[Web page caption snippets]
□ □ □

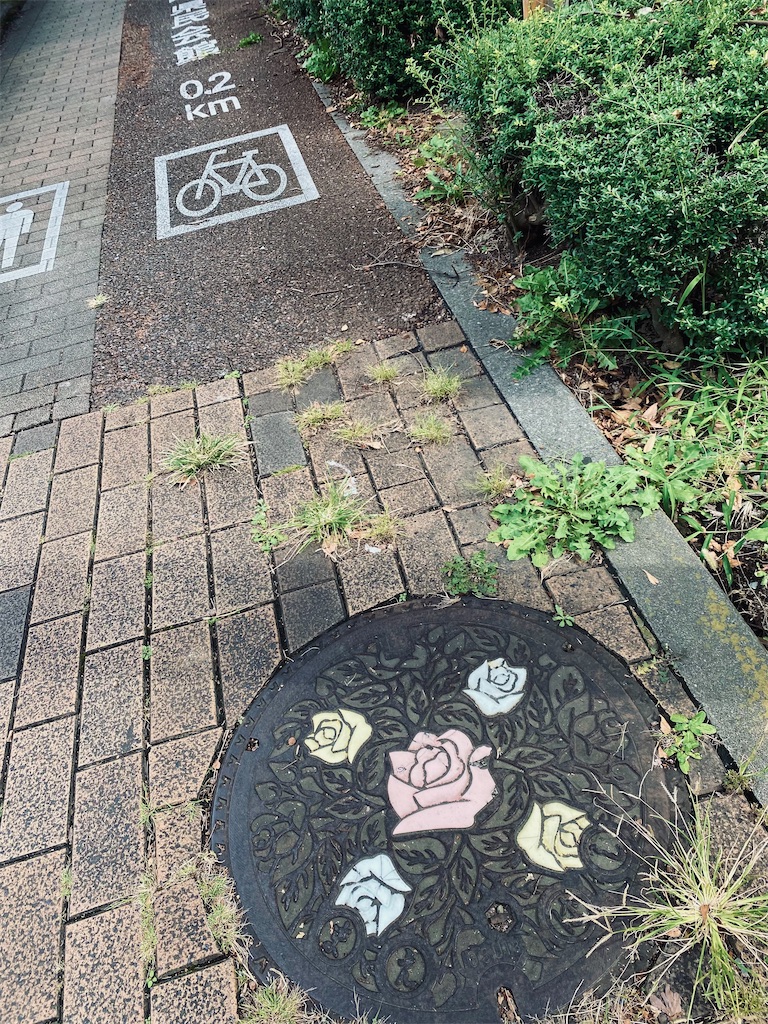 f:id:szrn815:20221009174249j:image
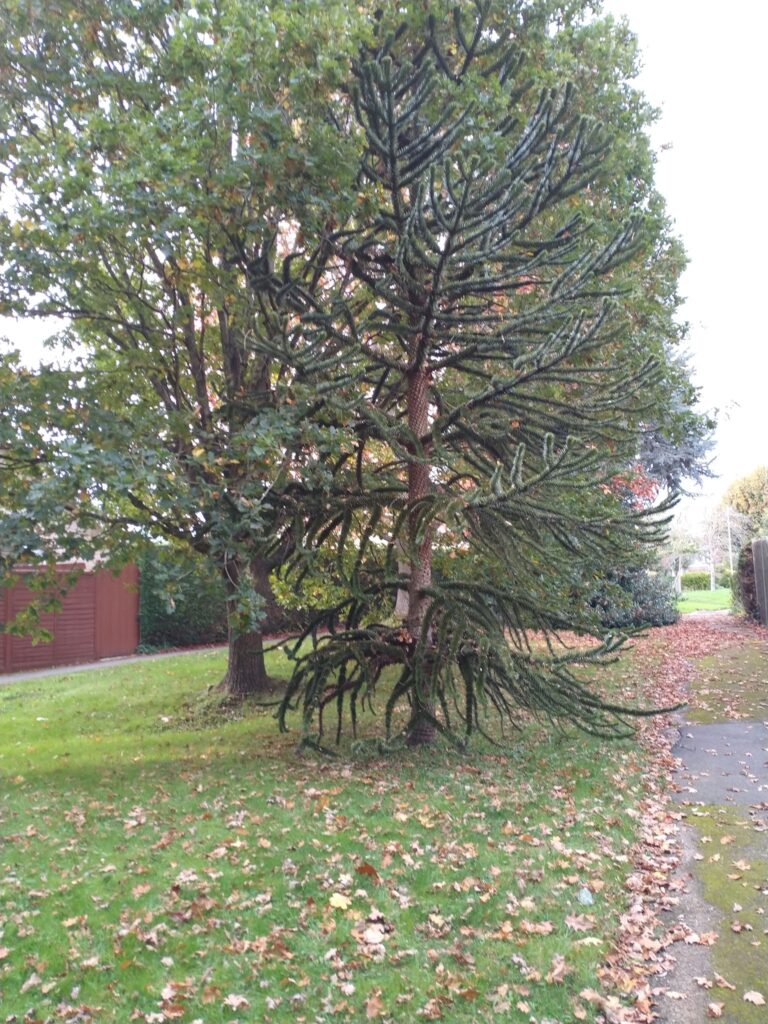 A tree by a path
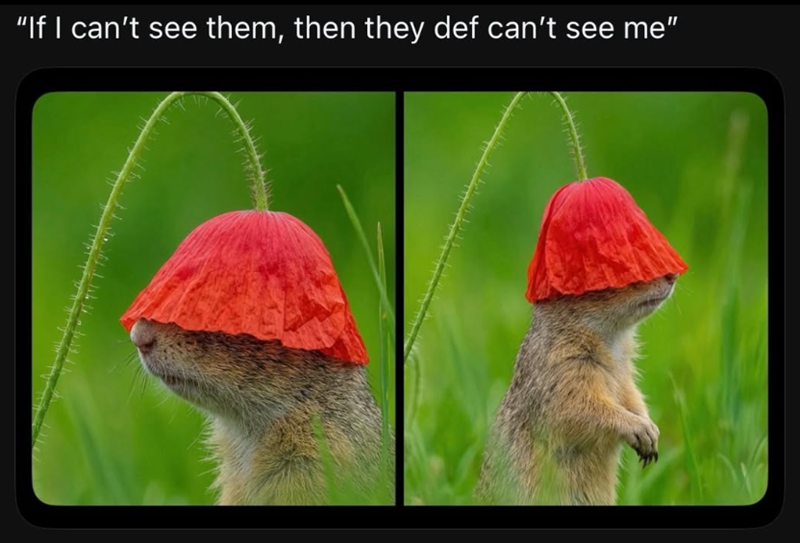 "If I can't see them, then they def can't see me"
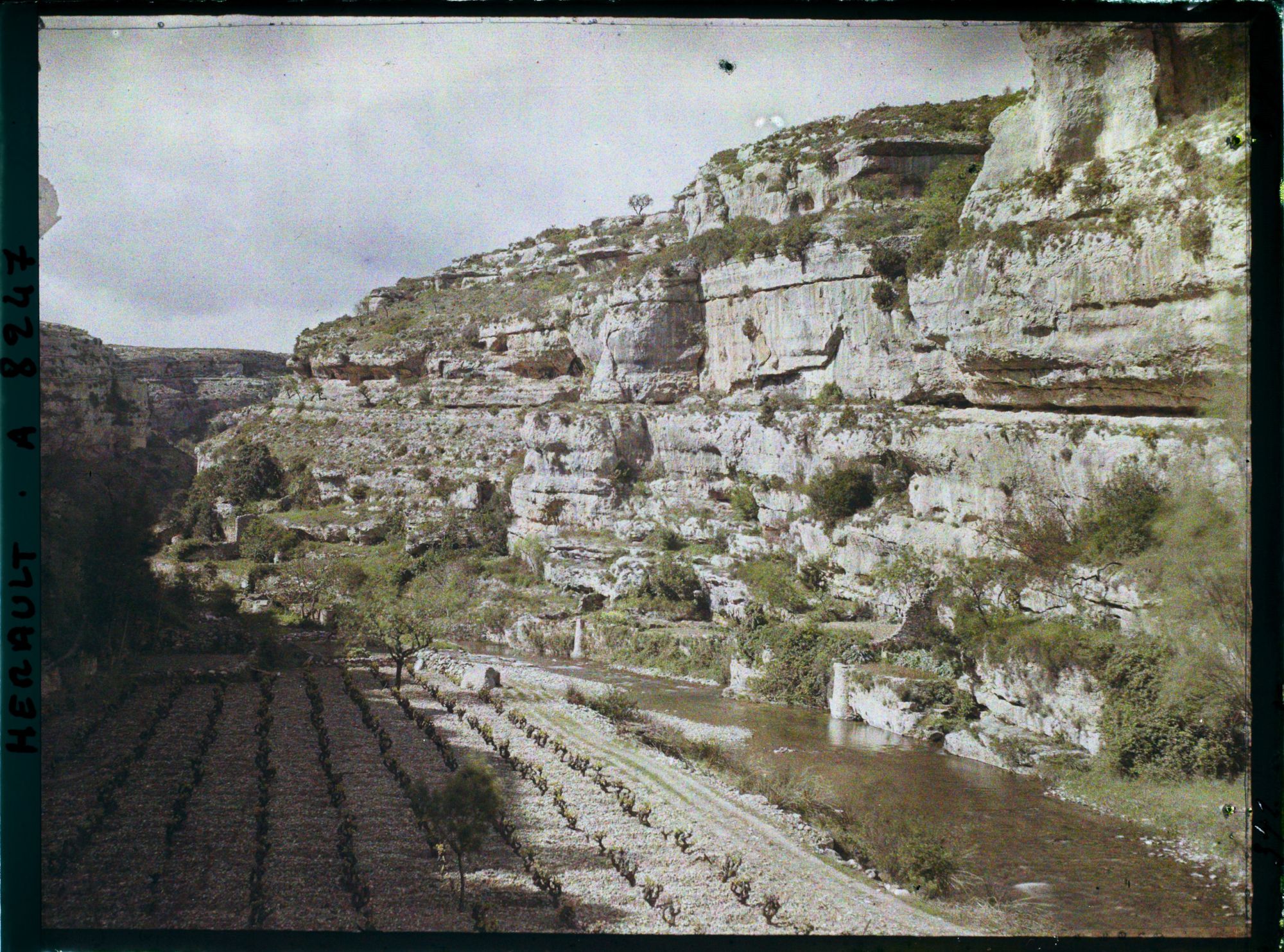 Image représentant La haute gorge du Brian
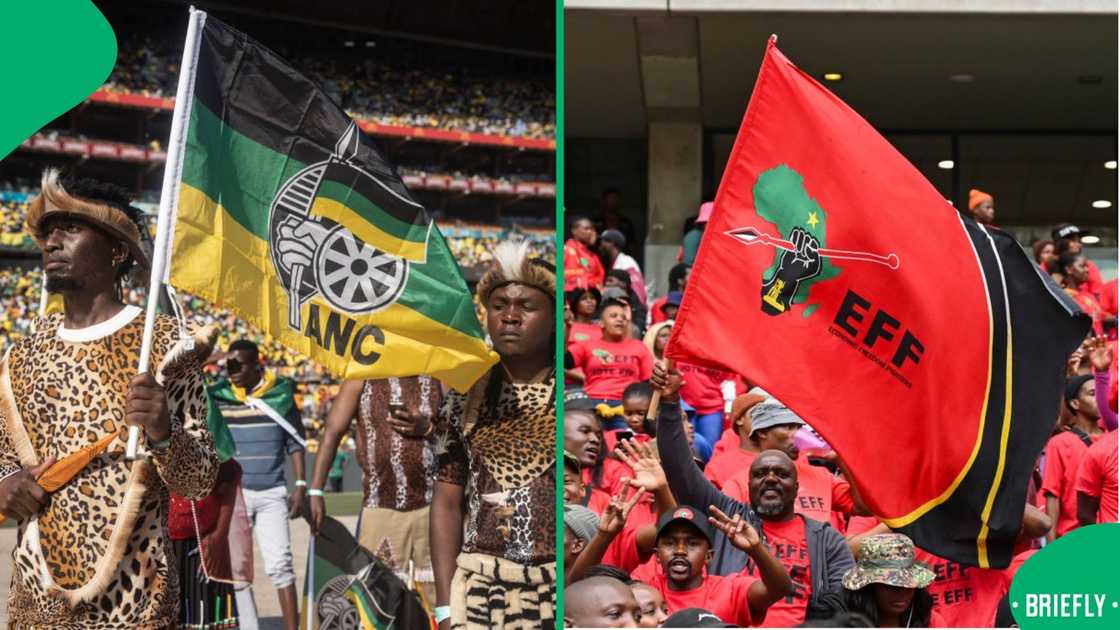 The ANC could ask the EFF to vote with it for a lesser VAT increase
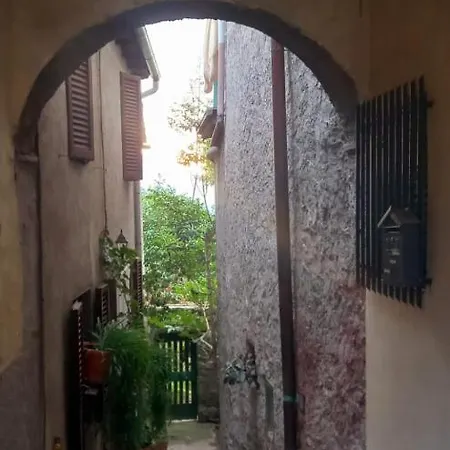 Pavone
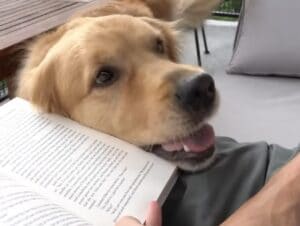 犬「やることがある?それより遊んで♡」 かまってアピールが可愛すぎ!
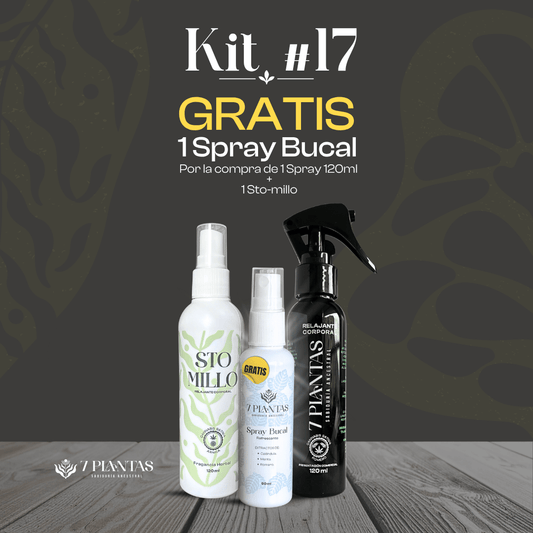 Kit #17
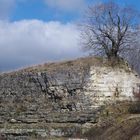 Monument der Natur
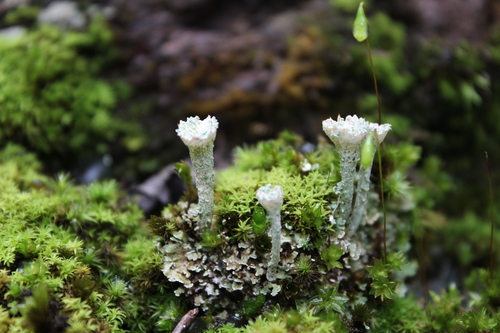 Taurinė šiurė nuotrauka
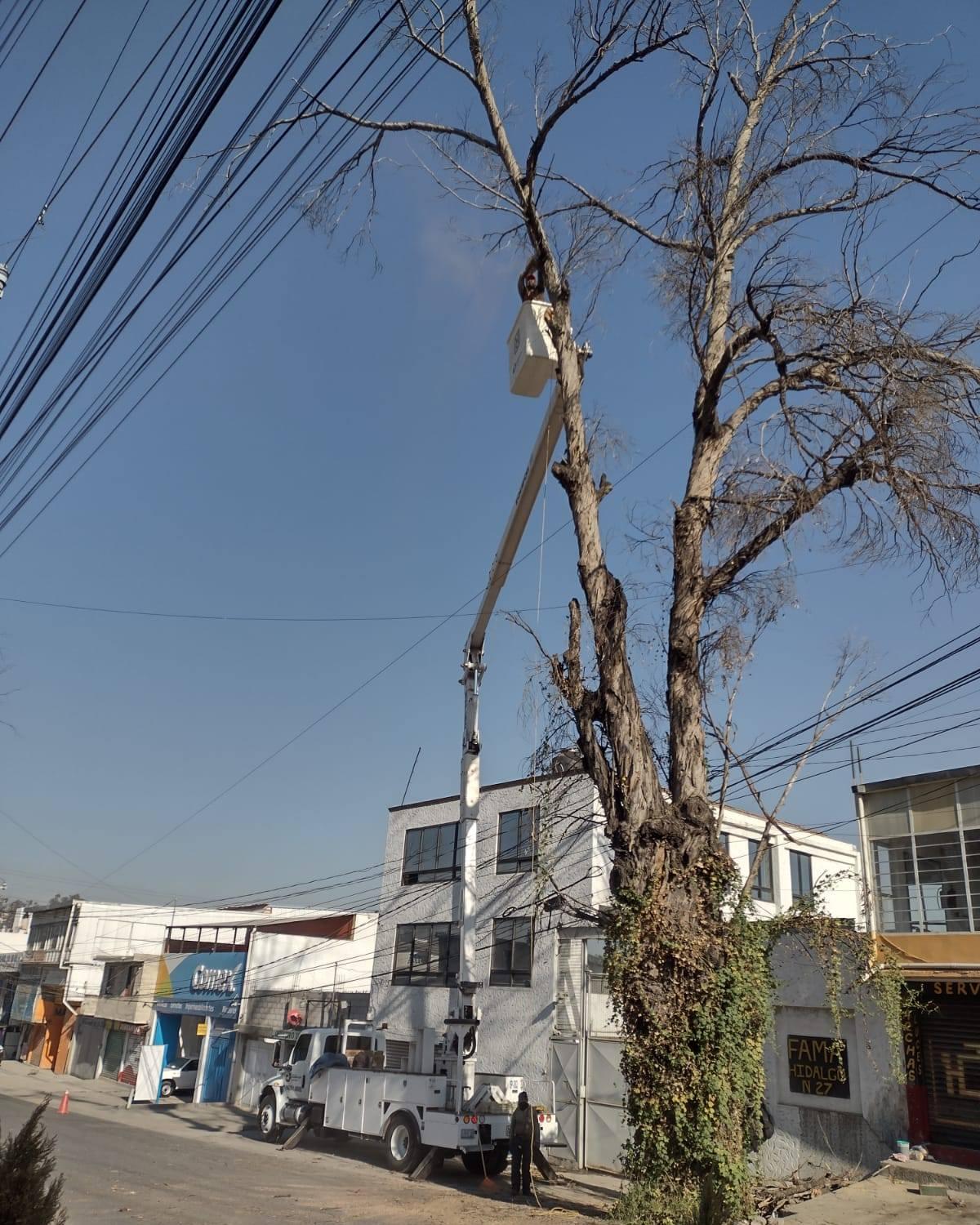 1671298429 Al presentar un riesgo para los transeuntes y vecinos de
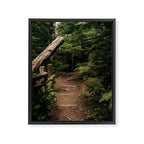 Forest Path Framed Canvas Print Gallery Image 6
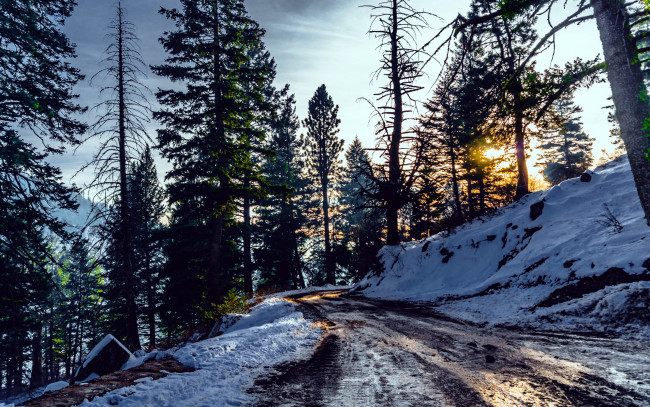 Обои картинки фото природа, зима, дорога, снег, сосны
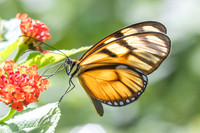 Athesis clearista-6790 - Bucaramanga - 25/07/25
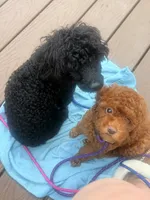 Cartier , a male Poodle - Toy  for sale in Rochester, NH – 2 of 3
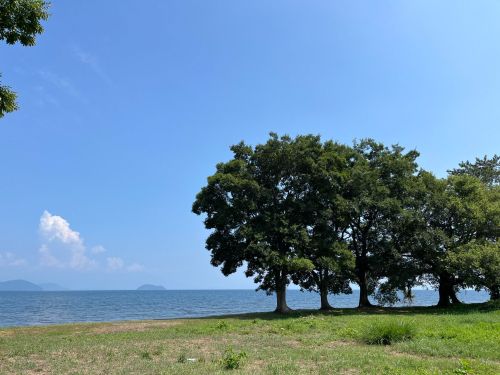 深清水周辺写真①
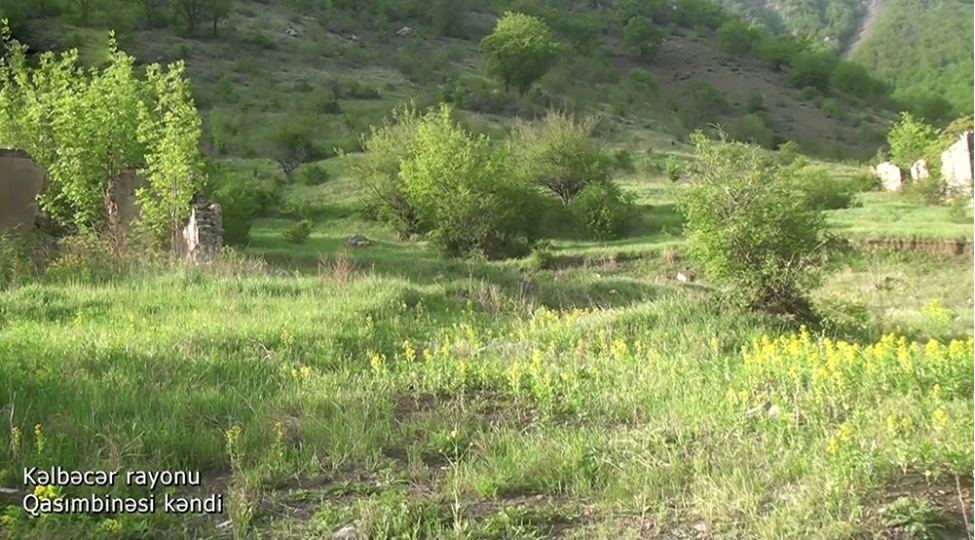 mn-qasimbinesinden-videogoruntuler-yayib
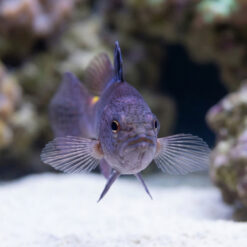 Alternative view of Arrowhead Basslet
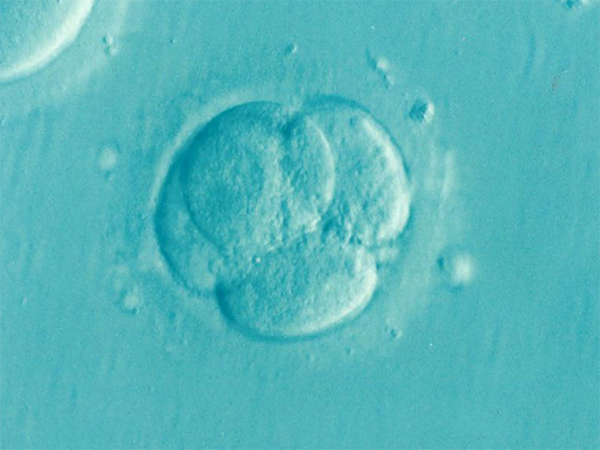 胚胎级别10.9.8怎么分？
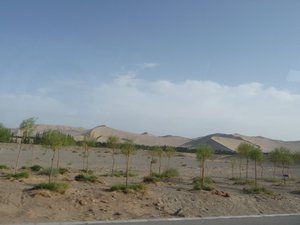 New Tree Plantings along the Desert Highway, once known as the Silk Road.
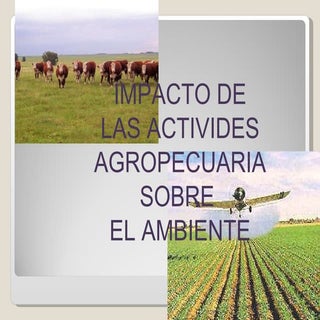 Impacto De Las Actividades Agropecu...
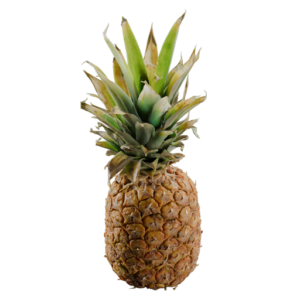 Pineapple 01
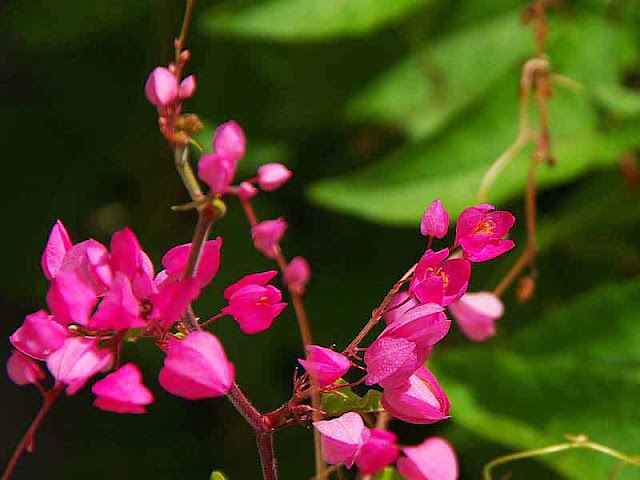 pink flowers, green background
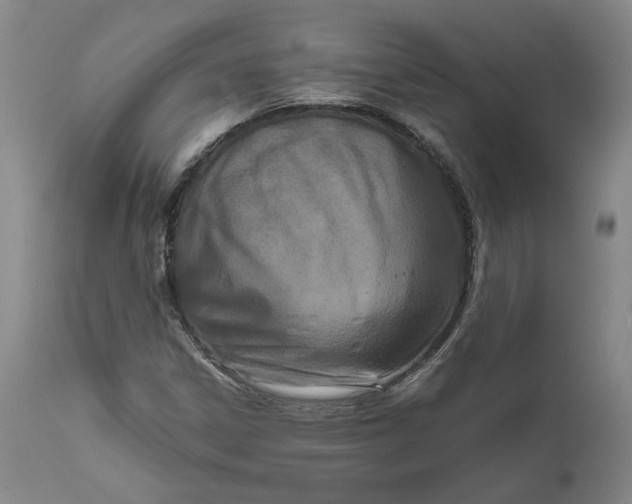 X0000111191306200907151339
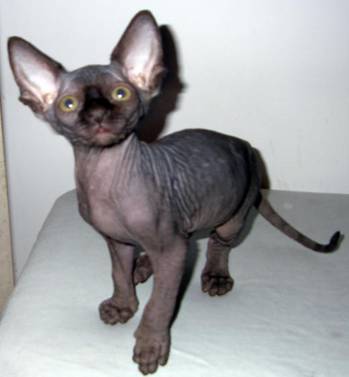 C:\Users\HP\Desktop\в папку доступ категорически воспрещен!!!\Биология\фото\канадский сфинкс\__1----.jpg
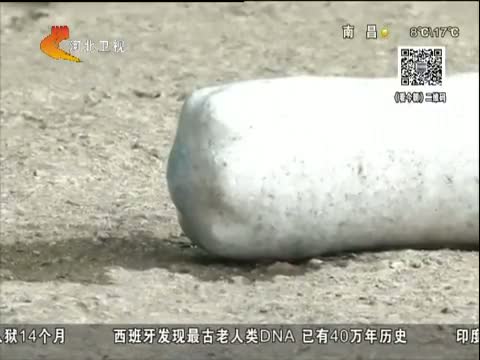 干燥剂放入保温杯会爆炸 是真的吗?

□ □ □

> _Problem to work on_
Exact copy, no pictures. Write out the lines in the entries above, starting with the line with "犬「やることがある?それより遊んで♡」 かまってアピールが可愛すぎ!" and going on through the line with "New Tree Plantings", keeping both.

> _Your solution_
 犬「やることがある?それより遊んで♡」 かまってアピールが可愛すぎ!
 Kit #17
 Monument der Natur
 Taurinė šiurė nuotrauka
 1671298429 Al presentar un riesgo para los transeuntes y vecinos de
 Forest Path Framed Canvas Print Gallery Image 6
 Обои картинки фото природа, зима, дорога, снег, сосны
 Athesis clearista-6790 - Bucaramanga - 25/07/25
 Cartier , a male Poodle - Toy  for sale in Rochester, NH – 2 of 3
 深清水周辺写真①
 mn-qasimbinesinden-videogoruntuler-yayib
 Alternative view of Arrowhead Basslet
 胚胎级别10.9.8怎么分？
 New Tree Plantings along the Desert Highway, once known as the Silk Road.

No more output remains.